··· Data for processing ···

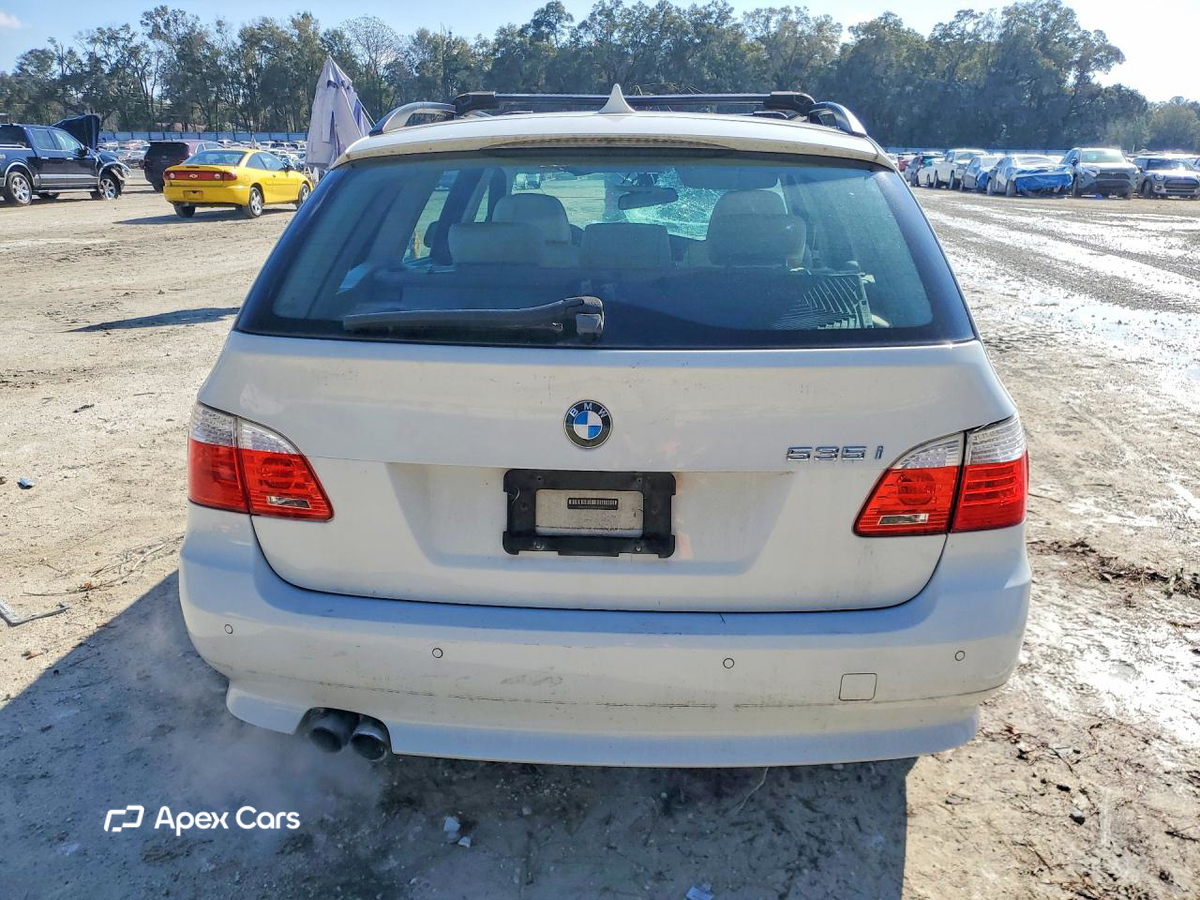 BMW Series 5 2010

···
··· Data for processing ···

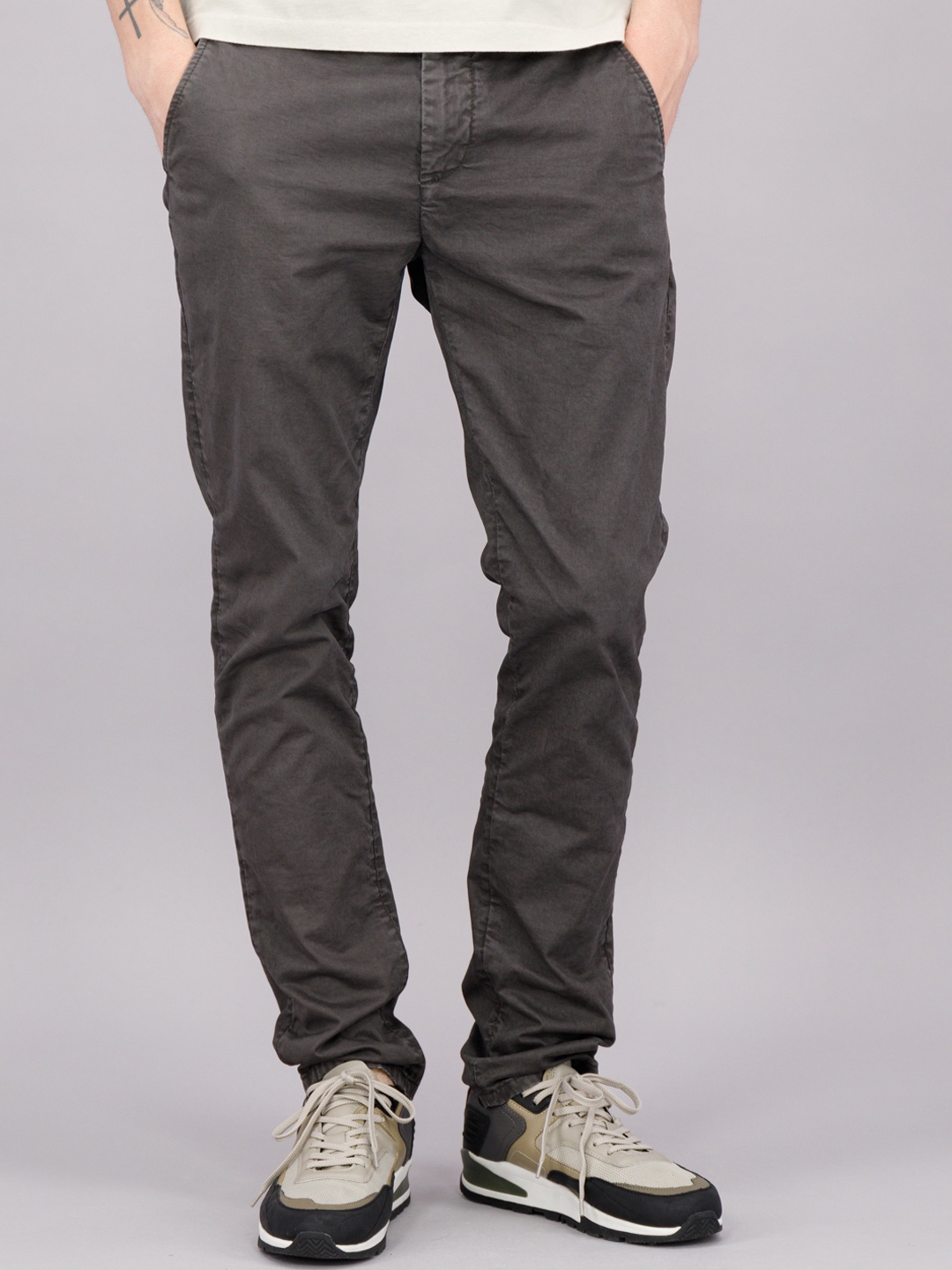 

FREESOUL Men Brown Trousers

···
··· Data for processing ···

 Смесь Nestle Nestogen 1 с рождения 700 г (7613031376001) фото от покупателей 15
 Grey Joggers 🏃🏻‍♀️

···

Exercise:
Within the material above, transcribe exactly the lines that run from the line holding "Смесь Nestle Nestogen" through the line holding "Grey Joggers 🏃🏻‍♀️".

Your response:
 Смесь Nestle Nestogen 1 с рождения 700 г (7613031376001) фото от покупателей 15
 Grey Joggers 🏃🏻‍♀️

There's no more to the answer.